Le mariage avec un citoyen français constitue certes un atout, mais il ne dispense pas le demandeur de remplir plusieurs conditions strictes. Me Sonia Cherfa, avocate franco-algérienne spécialisée dans le droit des étrangers, insiste sur ce point : sans respect des règles fixées, la demande peut être rejetée et déboucher sur une mesure d’éloignement.
Un titre de séjour pour les Algériens qui reste conditionné
Les ressortissants algériens unis à un conjoint français bénéficient d’un statut jugé favorable par l’administration. Grâce aux accords franco-algériens, ils peuvent même engager leur démarche de régularisation en étant entrés avec un simple visa Schengen de tourisme, dit visa C.
Cette souplesse ne doit toutefois pas être perçue comme une garantie de succès. Le demandeur reste tenu de démontrer la réalité de sa vie de couple. L’administration cherche avant tout à s’assurer que l’union n’a pas été conclue dans le seul but d’obtenir un document de séjour.
Les preuves de vie commune, un élément décisif
D’après Me Cherfa, la principale cause de refus tient à l’insuffisance des justificatifs de vie commune. Les préfectures attendent des documents concrets attestant que les deux époux partagent réellement leur quotidien sous le même toit.

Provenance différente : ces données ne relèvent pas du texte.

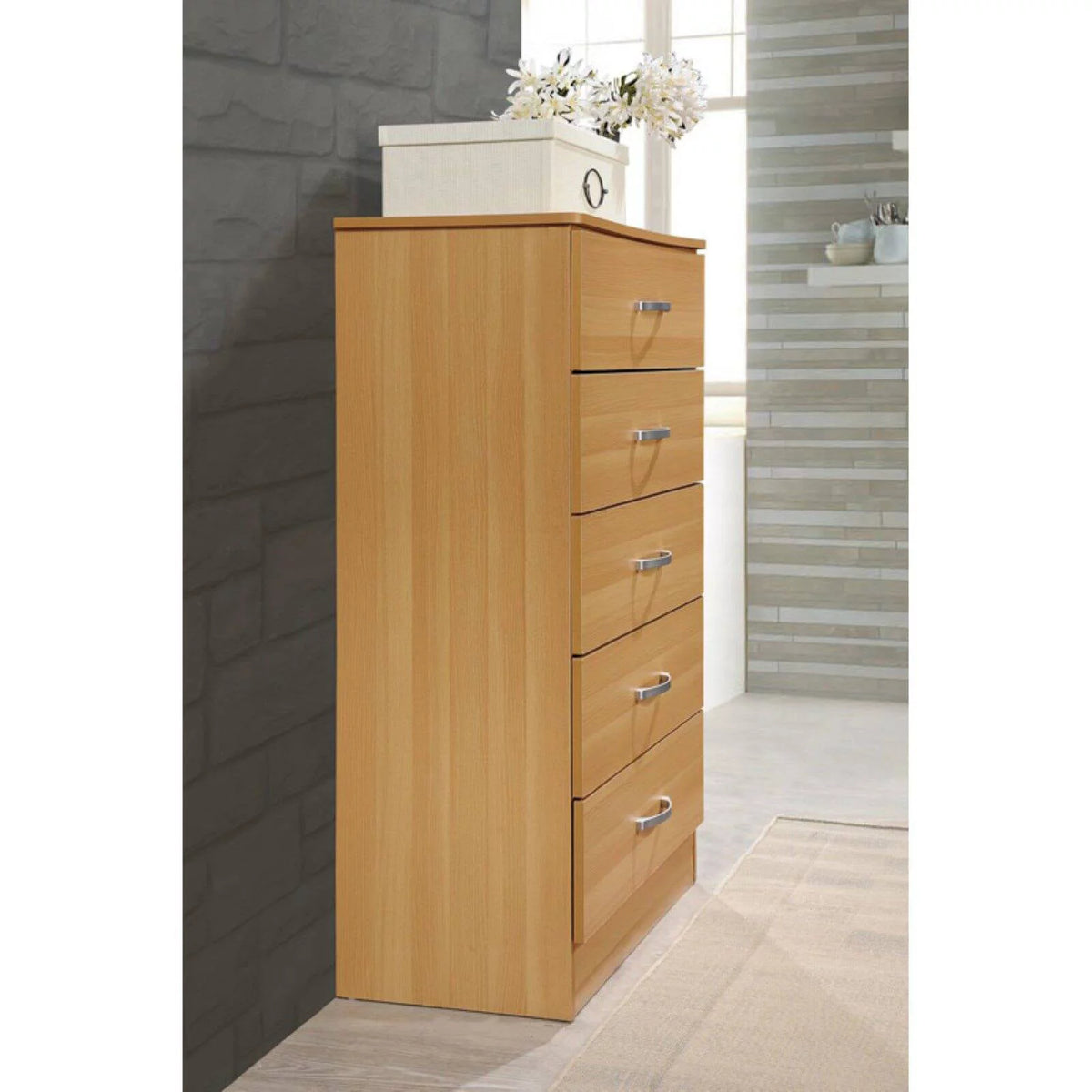 5 Drawer Cherry Chest T801
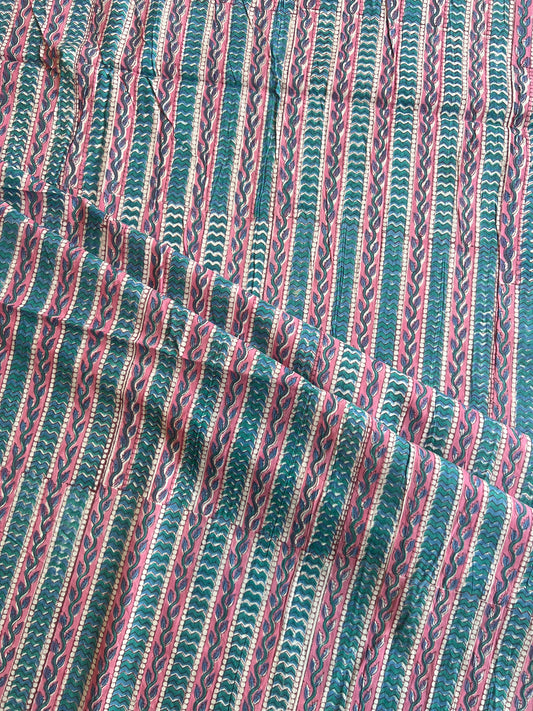Pure Cotton Hand Block Printed Fabric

Parmi les pièces attendues figurent les factures, les avis d’imposition, les relevés bancaires, les attestations d’assurance, les documents de la Caisse d’allocations familiales (CAF) et ceux de la Sécurité sociale. Idéalement, ces justificatifs doivent être établis au nom des deux conjoints pour renforcer la crédibilité du dossier.
Combien de justificatifs faut-il rassembler ?
L’avocate recommande de faire preuve de patience avant de déposer une demande. Elle conseille d’attendre entre six et douze mois après le mariage, le temps d’accumuler des preuves suffisantes.
Concrètement, la préfecture exige au minimum douze justificatifs de vie commune avec le conjoint français. Ces documents doivent couvrir l’intégralité de la période écoulée depuis l’union et être répartis de manière régulière sur toute cette durée.
Les recommandations pour les mariages célébrés hors de France
La situation appelle une vigilance particulière lorsque le mariage a été conclu en dehors du territoire français, par exemple en Algérie. Me Cherfa déconseille vivement de solliciter un titre de séjour dès l’arrivée en France.
Il vaut mieux patienter afin de s’intégrer socialement et culturellement dans le pays. Ce délai permet également de constituer progressivement un dossier robuste, appuyé sur des preuves de vie commune tangibles et cohérentes.
L’exception du visa de long séjour
Une dérogation existe pour les conjoints de Français entrés avec un visa de long séjour valant titre de séjour, dit visa D. Ces demandeurs disposent du droit de s’installer en France dès leur arrivée, sans période d’attente préalable.
Cette exception ne s’applique pas aux titulaires d’un visa Schengen de court séjour, le visa C. Ces derniers restent soumis aux délais et aux conditions habituels avant de pouvoir prétendre à un titre de séjour.
Les risques de refus et d’OQTF pour les conjoints algériens
Les rejets de demandes de titre de séjour visant les Algériens mariés à des Français demeurent fréquents. Chaque dossier fait l’objet d’un examen minutieux, et l’administration n’hésite pas à opposer un refus lorsque les preuves de vie commune sont jugées trop faibles.
Dans ce cas de figure, le demandeur s’expose à une obligation de quitter le territoire français. Une telle mesure peut bouleverser durablement la vie du couple et engager des procédures administratives longues et éprouvantes.
Pour éviter cette issue, l’intégration sociale et culturelle joue un rôle déterminant, car elle est pleinement prise en compte par les préfectures. Les conseils de Me Sonia Cherfa rappellent l’importance d’anticiper chaque étape et de soigner minutieusement la constitution du dossier avant tout dépôt.